EXERCISE GOAL:
Copy all the lines of the listing below exactly. Skip the images.

GIVEN MATERIAL:
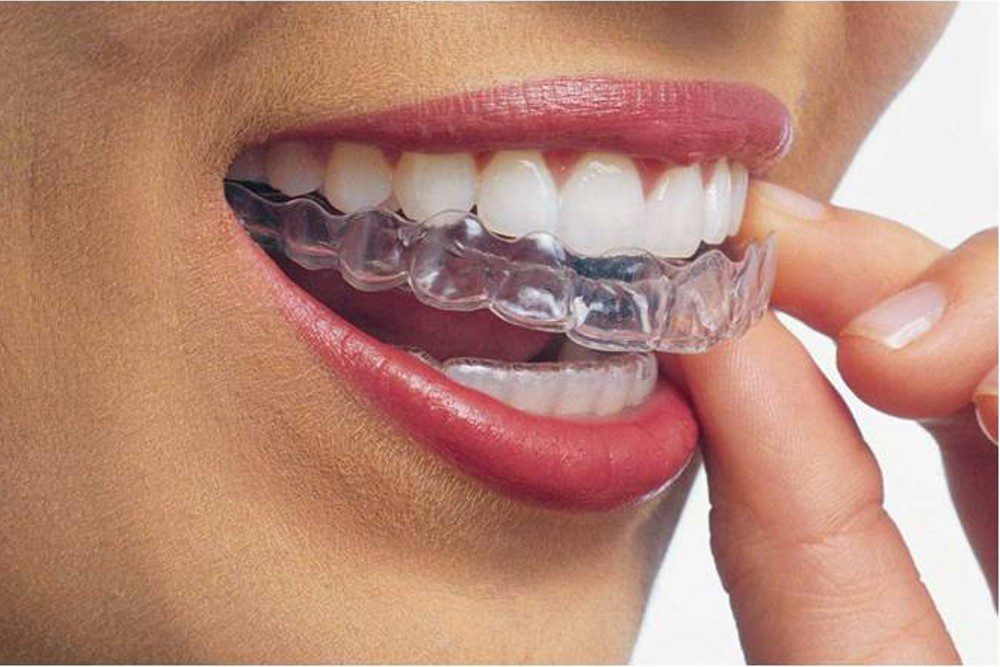 Orthodontic Dental Braces Images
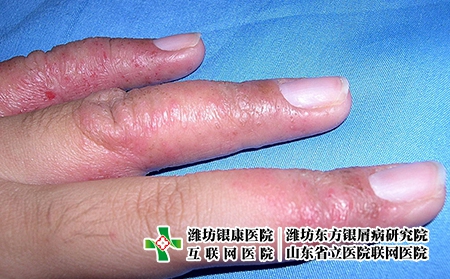 汗皰疹圖片-汗皰疹的癥狀圖片-汗皰疹圖片大全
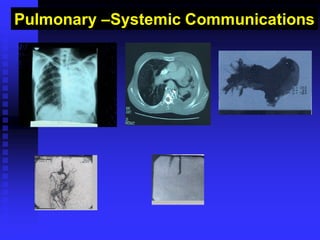 Pulmonary –Systemic Communications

TASK ANSWER:
 Orthodontic Dental Braces Images
 汗皰疹圖片-汗皰疹的癥狀圖片-汗皰疹圖片大全
 Pulmonary –Systemic Communications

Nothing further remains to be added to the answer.